***** AVAILABLE DATA

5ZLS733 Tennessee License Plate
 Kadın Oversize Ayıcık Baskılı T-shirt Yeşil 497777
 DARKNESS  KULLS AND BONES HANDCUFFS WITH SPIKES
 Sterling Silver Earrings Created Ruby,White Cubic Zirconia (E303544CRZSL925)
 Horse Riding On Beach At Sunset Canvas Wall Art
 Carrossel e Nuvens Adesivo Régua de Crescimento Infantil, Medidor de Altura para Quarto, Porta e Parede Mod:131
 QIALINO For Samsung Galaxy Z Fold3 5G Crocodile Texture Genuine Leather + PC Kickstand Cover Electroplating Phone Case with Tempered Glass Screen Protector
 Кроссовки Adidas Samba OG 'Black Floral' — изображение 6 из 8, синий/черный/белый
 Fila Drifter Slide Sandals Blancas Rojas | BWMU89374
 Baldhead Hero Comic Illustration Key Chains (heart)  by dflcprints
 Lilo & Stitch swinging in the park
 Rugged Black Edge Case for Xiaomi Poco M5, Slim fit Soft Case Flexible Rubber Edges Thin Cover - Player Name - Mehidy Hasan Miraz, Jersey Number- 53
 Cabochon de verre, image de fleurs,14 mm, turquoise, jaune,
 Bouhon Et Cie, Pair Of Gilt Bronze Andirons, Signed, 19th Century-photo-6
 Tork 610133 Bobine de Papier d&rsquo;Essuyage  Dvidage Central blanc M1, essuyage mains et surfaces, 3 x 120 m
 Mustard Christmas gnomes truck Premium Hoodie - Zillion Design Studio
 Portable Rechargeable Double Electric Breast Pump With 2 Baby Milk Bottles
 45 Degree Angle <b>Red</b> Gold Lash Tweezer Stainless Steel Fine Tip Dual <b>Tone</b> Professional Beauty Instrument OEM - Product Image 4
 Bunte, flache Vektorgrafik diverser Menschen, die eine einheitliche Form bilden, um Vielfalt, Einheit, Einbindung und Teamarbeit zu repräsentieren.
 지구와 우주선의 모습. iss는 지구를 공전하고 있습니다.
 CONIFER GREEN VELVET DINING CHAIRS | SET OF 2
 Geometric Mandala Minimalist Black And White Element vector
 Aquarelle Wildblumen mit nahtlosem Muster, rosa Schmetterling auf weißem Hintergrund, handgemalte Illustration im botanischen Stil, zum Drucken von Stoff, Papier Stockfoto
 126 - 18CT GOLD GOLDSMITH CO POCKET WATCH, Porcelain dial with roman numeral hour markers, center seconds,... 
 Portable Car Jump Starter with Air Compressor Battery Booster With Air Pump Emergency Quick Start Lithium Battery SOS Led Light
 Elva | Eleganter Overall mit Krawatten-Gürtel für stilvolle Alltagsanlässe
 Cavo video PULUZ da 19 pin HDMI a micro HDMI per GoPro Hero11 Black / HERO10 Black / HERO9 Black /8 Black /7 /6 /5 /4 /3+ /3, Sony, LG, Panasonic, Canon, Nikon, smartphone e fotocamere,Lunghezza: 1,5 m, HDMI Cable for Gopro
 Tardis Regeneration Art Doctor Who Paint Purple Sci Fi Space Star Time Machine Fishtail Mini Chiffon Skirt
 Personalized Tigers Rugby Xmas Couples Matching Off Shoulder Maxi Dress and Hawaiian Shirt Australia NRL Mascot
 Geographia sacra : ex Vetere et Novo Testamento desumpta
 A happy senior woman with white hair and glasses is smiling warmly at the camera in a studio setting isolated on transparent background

**********

## EXERCISE
Copy out all of the material, word for word.

## ANSWER BOX
5ZLS733 Tennessee License Plate
 Kadın Oversize Ayıcık Baskılı T-shirt Yeşil 497777
 DARKNESS  KULLS AND BONES HANDCUFFS WITH SPIKES
 Sterling Silver Earrings Created Ruby,White Cubic Zirconia (E303544CRZSL925)
 Horse Riding On Beach At Sunset Canvas Wall Art
 Carrossel e Nuvens Adesivo Régua de Crescimento Infantil, Medidor de Altura para Quarto, Porta e Parede Mod:131
 QIALINO For Samsung Galaxy Z Fold3 5G Crocodile Texture Genuine Leather + PC Kickstand Cover Electroplating Phone Case with Tempered Glass Screen Protector
 Кроссовки Adidas Samba OG 'Black Floral' — изображение 6 из 8, синий/черный/белый
 Fila Drifter Slide Sandals Blancas Rojas | BWMU89374
 Baldhead Hero Comic Illustration Key Chains (heart)  by dflcprints
 Lilo & Stitch swinging in the park
 Rugged Black Edge Case for Xiaomi Poco M5, Slim fit Soft Case Flexible Rubber Edges Thin Cover - Player Name - Mehidy Hasan Miraz, Jersey Number- 53
 Cabochon de verre, image de fleurs,14 mm, turquoise, jaune,
 Bouhon Et Cie, Pair Of Gilt Bronze Andirons, Signed, 19th Century-photo-6
 Tork 610133 Bobine de Papier d&rsquo;Essuyage  Dvidage Central blanc M1, essuyage mains et surfaces, 3 x 120 m
 Mustard Christmas gnomes truck Premium Hoodie - Zillion Design Studio
 Portable Rechargeable Double Electric Breast Pump With 2 Baby Milk Bottles
 45 Degree Angle <b>Red</b> Gold Lash Tweezer Stainless Steel Fine Tip Dual <b>Tone</b> Professional Beauty Instrument OEM - Product Image 4
 Bunte, flache Vektorgrafik diverser Menschen, die eine einheitliche Form bilden, um Vielfalt, Einheit, Einbindung und Teamarbeit zu repräsentieren.
 지구와 우주선의 모습. iss는 지구를 공전하고 있습니다.
 CONIFER GREEN VELVET DINING CHAIRS | SET OF 2
 Geometric Mandala Minimalist Black And White Element vector
 Aquarelle Wildblumen mit nahtlosem Muster, rosa Schmetterling auf weißem Hintergrund, handgemalte Illustration im botanischen Stil, zum Drucken von Stoff, Papier Stockfoto
 126 - 18CT GOLD GOLDSMITH CO POCKET WATCH, Porcelain dial with roman numeral hour markers, center seconds,... 
 Portable Car Jump Starter with Air Compressor Battery Booster With Air Pump Emergency Quick Start Lithium Battery SOS Led Light
 Elva | Eleganter Overall mit Krawatten-Gürtel für stilvolle Alltagsanlässe
 Cavo video PULUZ da 19 pin HDMI a micro HDMI per GoPro Hero11 Black / HERO10 Black / HERO9 Black /8 Black /7 /6 /5 /4 /3+ /3, Sony, LG, Panasonic, Canon, Nikon, smartphone e fotocamere,Lunghezza: 1,5 m, HDMI Cable for Gopro
 Tardis Regeneration Art Doctor Who Paint Purple Sci Fi Space Star Time Machine Fishtail Mini Chiffon Skirt
 Personalized Tigers Rugby Xmas Couples Matching Off Shoulder Maxi Dress and Hawaiian Shirt Australia NRL Mascot
 Geographia sacra : ex Vetere et Novo Testamento desumpta
 A happy senior woman with white hair and glasses is smiling warmly at the camera in a studio setting isolated on transparent background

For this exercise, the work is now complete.